Once again, Twain’s gift for detailed observation of the natural world is combined with his ability to spy out the follies and inconsistencies of human behavior, as when he travels to Kealakekua Bay on what is now called “the Big Island” of Hawaii, and visits the spot where Captain James Cook was killed by indigenous Hawaiians in 1778. It is a striking place in terms of landscape – “[A] little flat plain, on which stands a cocoanut grove and some ruined houses; a steep wall of lava, a thousand feet high at the upper end and three or four hundred at the lower, comes down from the mountain and bounds the inner extremity of it” (p. 511). But Twain warns the reader against romanticizing the death of Captain Cook:
Plain unvarnished history takes the romance out of Captain Cook’s assassination, and renders a deliberate verdict of justified homicide. Wherever he went among the islands, he was cordially received and welcomed by the inhabitants, and his ships lavishly supplied with all manner of food. He returned these kindnesses with insult and ill-treatment….Small blame should attach to the natives for the killing of Cook. They treated him well. In return, he abused them. He and his men inflicted bodily injury upon many of them at different times, and killed at least three of them before they offered any proportionate retaliation. (pp. 512-13)

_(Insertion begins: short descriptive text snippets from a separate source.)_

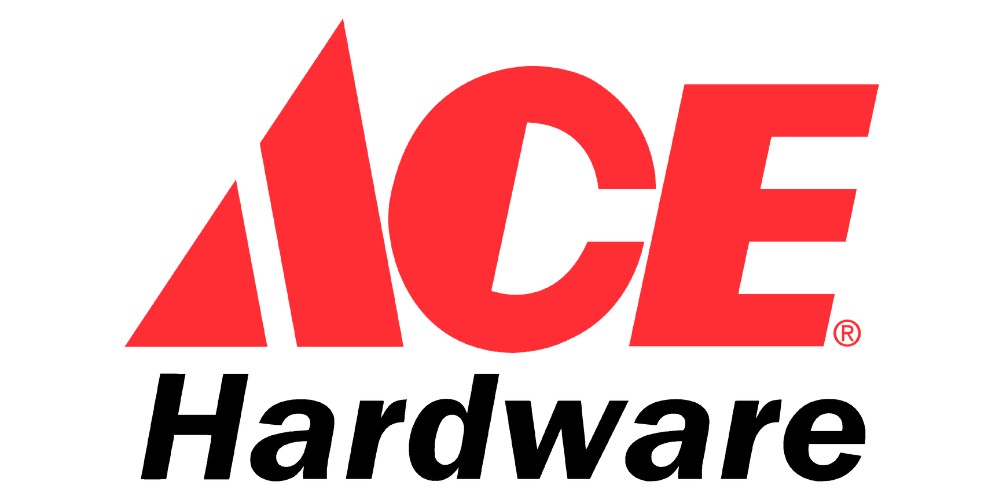 Ace Hardware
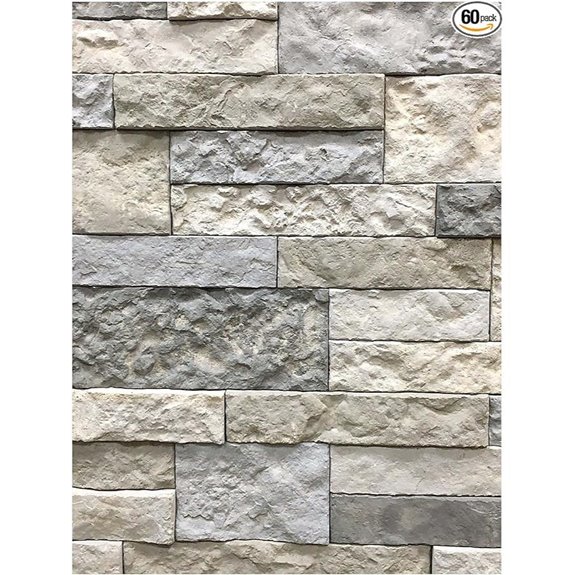 10 Best Stone for Outdoor Kitchens in 2026 1 airstone spring creek primary note four words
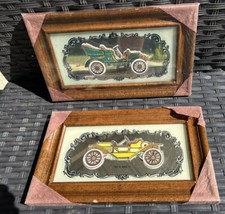 Wall plagues mirror for sale  Bridgeport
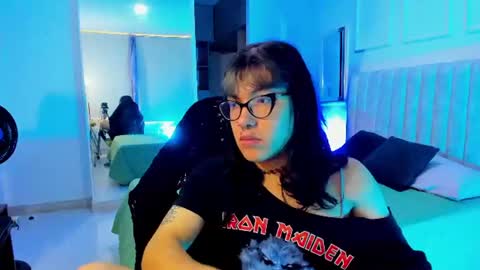 lilith  online show from June 2026 11:59:01 AM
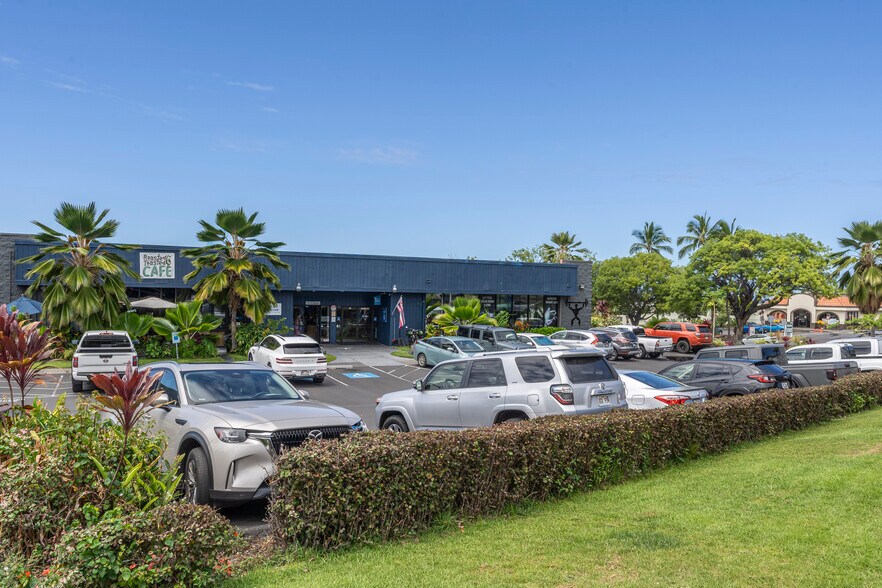 More Photos Of 75-5699 Kopiko St, Kailua Kona Freestanding For Sale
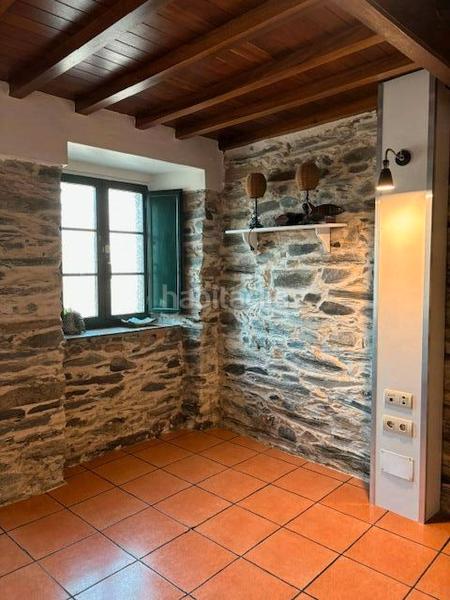 Foto eeaec1d1-7864-47ce-9b43-a45cd53692d8. Alquiler casa adosada precioso casa en alquiler en franza en Mugardos Foto eeaec1d1-7864-47ce-9b43-a45cd53692d8. Alquiler casa adosada precioso casa en alquiler en franza en Mugardos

And indeed, the historical record indicates that Captain Cook’s killing occurred while he was trying to kidnap the Hawaiian monarch Kalani‘opu‘u in order to secure the return of a stolen boat. Twain is right: people around the world do tend to react badly to an attempt to kidnap their head of state.
Anyone who appreciates the literary artistry of Mark Twain’s canonical novels, from Adventures of Huckleberry Finn (1885) to A Connecticut Yankee in King Arthur’s Court (1889), will enjoy seeing the great Missouri author honing his literary skills in the frontier West in Roughing It.